Formalizes the dwell gradient idea, in that closeness of dwell bands is related to closeness to the boundary of the set. In Heinz-Otto Peitgen and Dietmar Saupe’s “The Science of Fractal Images” (1988) Appendix D, Yuval Fisher bounds the distance $$d(c, M)$$ between a point $$c$$ outside $$M$$ and $$M$$ itself by:

$\frac{\sinh G(c)}{2 e^{G(c)} \left|\frac{d}{dc}G(c)\right|} < d(c, M) < \frac{2 \sinh G(c)}{\left|\frac{d}{dc}G(c)\right|}$

where $$G(c)$$ is the potential of the point $$c$$. The upper bound can be approximated by using a large escape radius; for escaped $$z$$:

$d = 2 \frac{\left|z\right| \log \left|z\right|} {\left|\frac{\partial}{\partial c}z\right|}$

There is a point in the Mandelbrot set within $$d$$. No point in the Mandelbrot set is within $$\frac{d}{4}$$. Compare with pixel spacing to know if the Mandelbrot set might intersect a pixel.

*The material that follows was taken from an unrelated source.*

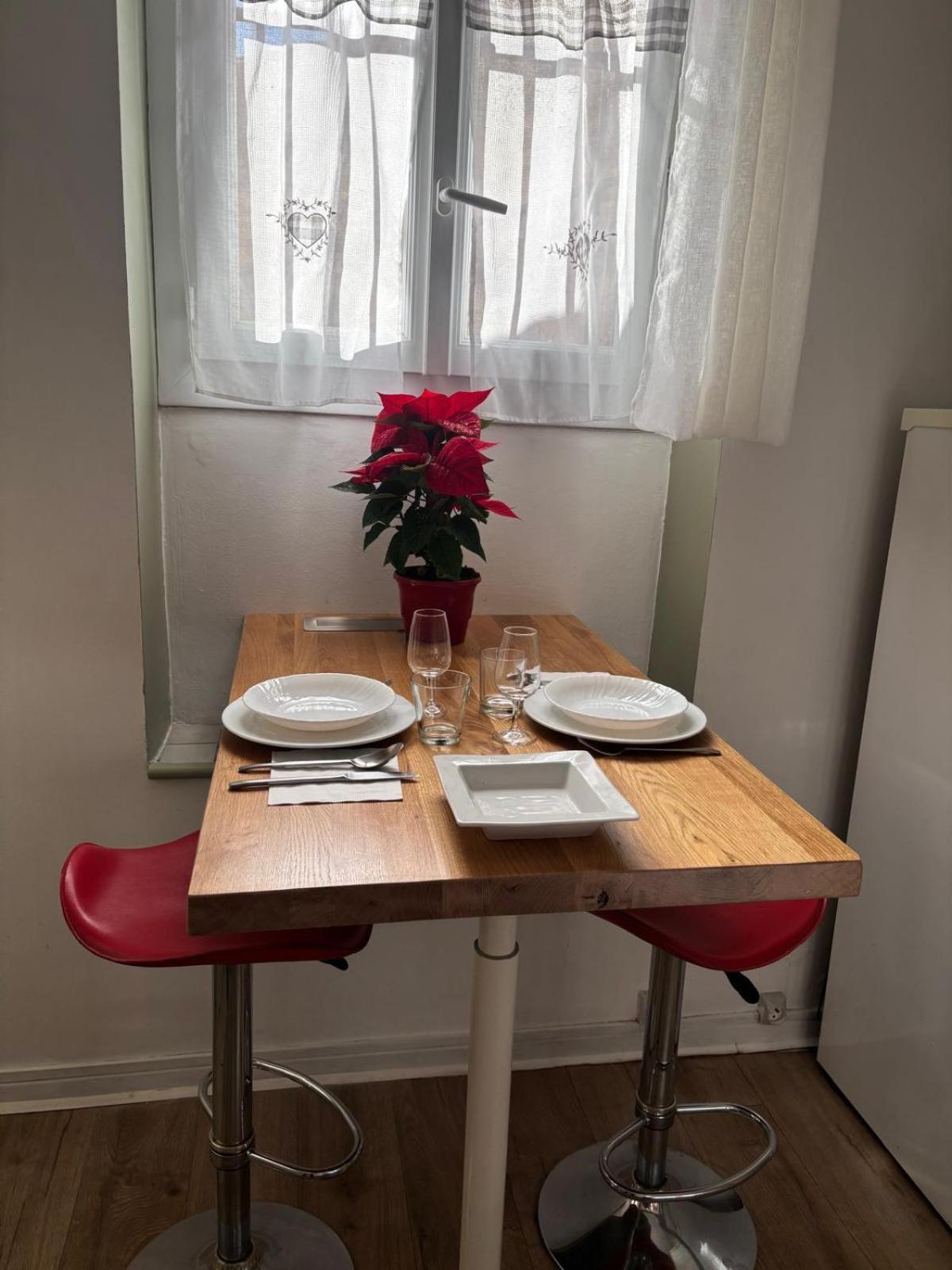 Appartement Central Des Terres Chaudes Proche Bord De Mer Ментона Екстериор снимка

A complex-valued distance estimate (with directional information) can be calculated by:

$d = 2 \frac{z \log \left|z\right|}{\frac{\partial}{\partial c}z}$

Distance estimation (2010) and Circular wavefronts (2010) use distance estimates to give progressively finer approximations to the exterior, while Adaptive super-sampling using distance estimate (2014) describes an adaptive supersampling method.

## # 1 C99 Code

#include <complex.h>
#include <math.h>

double _Complex m_exterior_distance
(int N, double R, double _Complex c)
{
double _Complex z = 0;
double _Complex dc = 0;
for (int n = 0; n < N; ++n)
{
if (cabs(z) > R)
return 2 * z * log(cabs(z)) / dc;
dc = 2 * z * dc + 1;
z = z * z + c;
}
return 0;
}